His brow creased with concern. “If the Soviet Union had had access to the powerful particle accelerators here or at CERN, we could have gone forward with my antimatter enhancement technique. We would have been successful. We would have been able to counter your SDI, and we would have had true directed-energy weapons.” He opened his eyes as he whispered, “But perhaps it is the best for all of us in this world that we did not succeed.”
Craig put down his small notebook as everything fell in place. “So you pioneered antimatter work in the Soviet Union and brought it with you when you defected. That’s why the U.S. wanted you so badly.”
Dumenco nodded. “At Aramazas 16 I discovered the mechanism for increasing the production of antimatter, for enhancing the p-bar beam, which I am ‘rediscovering’ here. And it was at Aramazas 16 that I also built the first crystal-lattice storage device, years before the esteemed Dr. Nels Piter. But because my work was classified, I could tell no one about it.”
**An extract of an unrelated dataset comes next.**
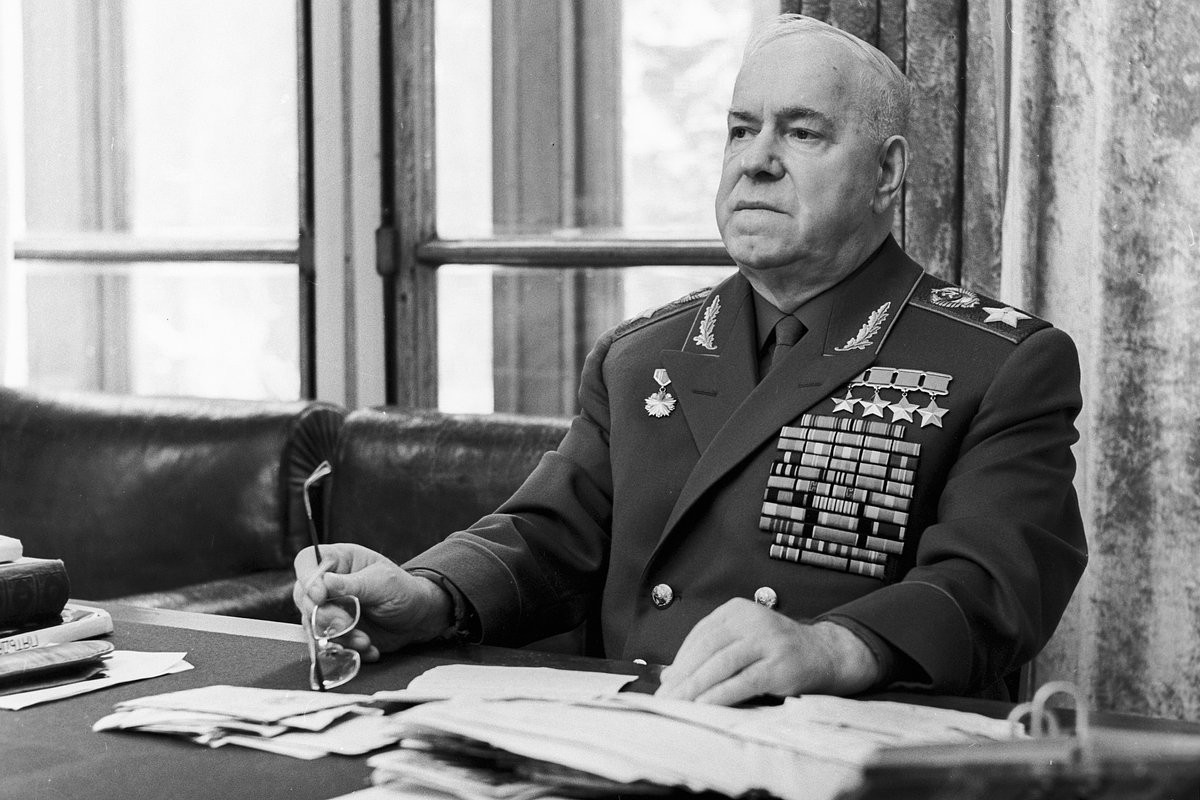 Маршал Георгий Жуков в рабочем кабинете, 1971 год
Craig drew a quick breath. “Does Piter know this?” The Belgian scientist was banking on his CERN development to win him a Nobel Prize. But if Dumenco had already done the work years before…
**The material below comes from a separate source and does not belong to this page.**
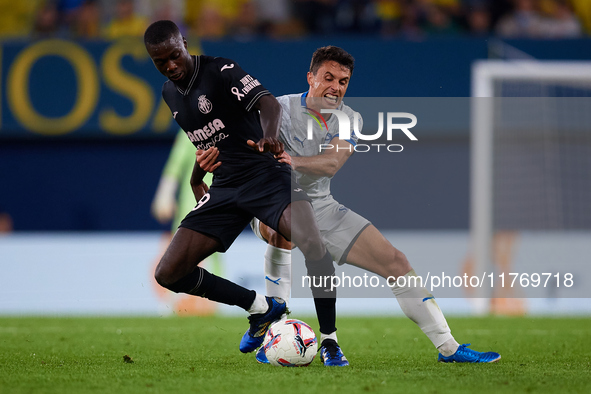 Pepe (L) of Villarreal CF competes for the ball with Ander Guevara of Deportivo Alaves during the LaLiga EA Sports match between Villarreal...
“Dr. Piter knows very little, if the truth is told. He is a talker, not a researcher. I gave up my efforts with the crystal-lattice trap-I suspect that with the present level of technology, it is too unreliable. Unstable. Unfortunately, we have not had sufficient antimatter available to test the upper limits of crystal-lattice containment. Until now. My own concepts for dramatically increasing p-bar production in the accelerator beam should have changed all this.”
With a gesture more vehement than Craig expected, Dumenco struck the papers on his bedside table. “But it doesn’t work! The Tevatron should be creating orders of magnitude more antiprotons, but they just aren’t showing up! I have checked and rechecked the experiment. It works, I know it does-but the results aren’t there!”
Craig placed a hand on the old man’s shoulder, struck to be in the presence of someone so pivotal in the course of political changes, all behind the scenes. The actions of individual people at critical times determined the flow of world events.
“I’ll let you get back to your work,” he said, cowed. Someday, perhaps, Dumenco’s discoveries would be recognized for their importance. Someday.
Craig just hoped the Ukrainian was still alive when the Nobel committee announced their choice. Georg Dumenco had earned the prize, whether or not anybody knew it.